Johnny Depp’s comeback performance in Jeanne Du Barry ‘a disappointment’, say critics
Johnny Depp has made his comeback in Jeanne Du Barry, premiering at the Cannes Film Festival, but the critics aren’t keen.
It’s Depp’s first film in three years, and the first since his high profile legal case against ex-wife Amber Heard in their defamation trial.
Depp’s reputation was tarnished by the trial, but his team presumably hoped his performance as King Louis XV would be the first stepping stone back to building his reputation.
While many critics praised the actor’s French accent, the overall picture wasn’t so positive.
The Hollywood Reporter said Johnny Depp “offers a few early thrills and then mostly yawns, with Depp dishing out what feels like a total of a dozen lines in respectable French, while otherwise remaining mute.”

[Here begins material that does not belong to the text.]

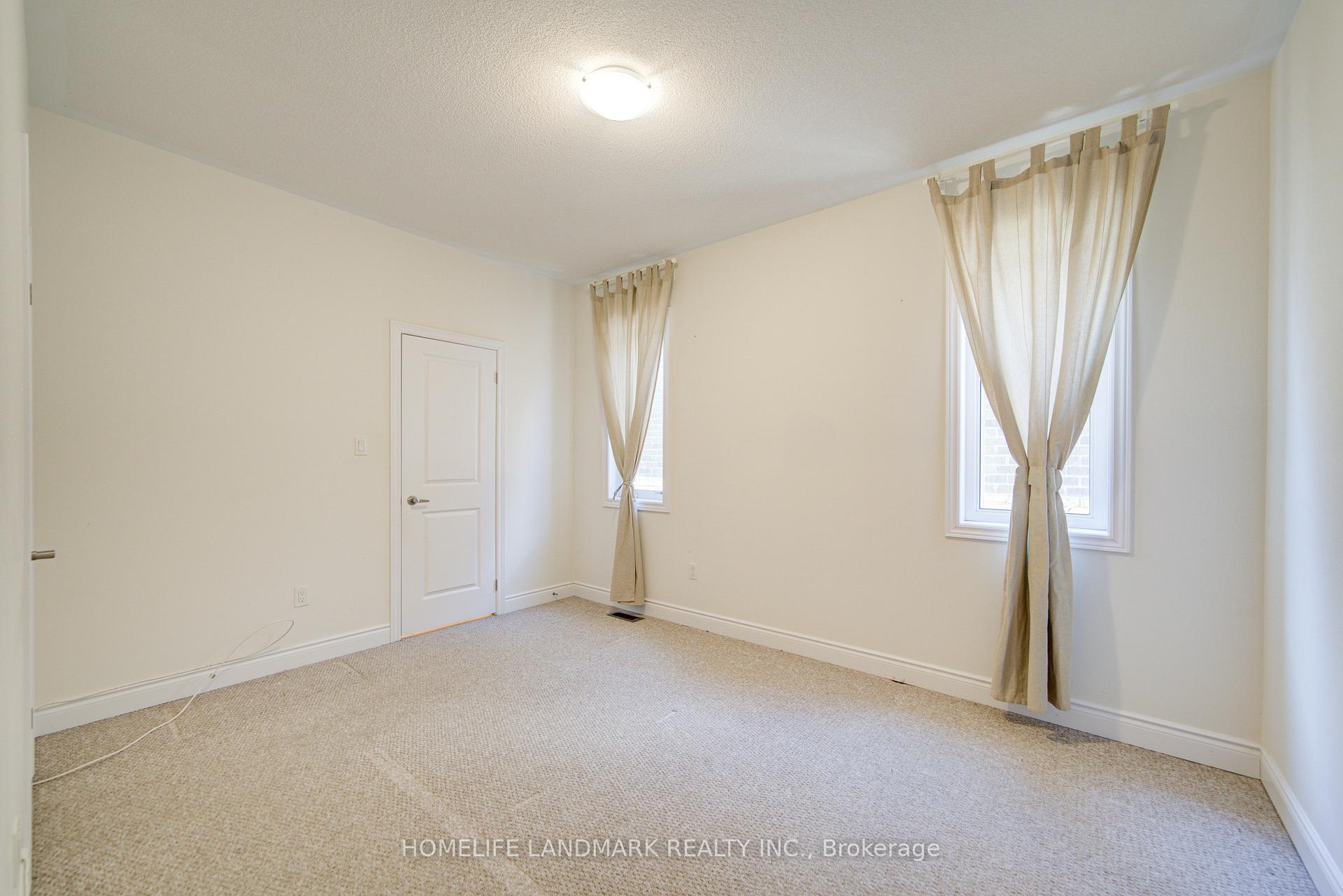 Photo 31 of 33 Cannes Avenue, Vaughan, Vellore Village — HOMEH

The Daily Mail call the whole thing “disappointingly bland” and The Telegraph called Depp’s “regal gravitas is nonexistent,” adding: “he only truly looks at home in the role during occasional bouts of clowning, which hardly help sell his casting as an inspired choice.”
The Evening Standard called the film “a right royal disappointment,” and Variety agreed, adding: “Depp’s the kind of player who delivers practically every performance with a wink, so it’s odd that even when his Louis is actually supposed to be winking (at Jeanne), the sparkle isn’t there.”
The Jeanne Du Barry plot centres on around a young woman from a working class background who manages to fraternise with the Palace of Versailles, rising her rank from impoverished seamstress to mistress of the King, played by Johnny Depp.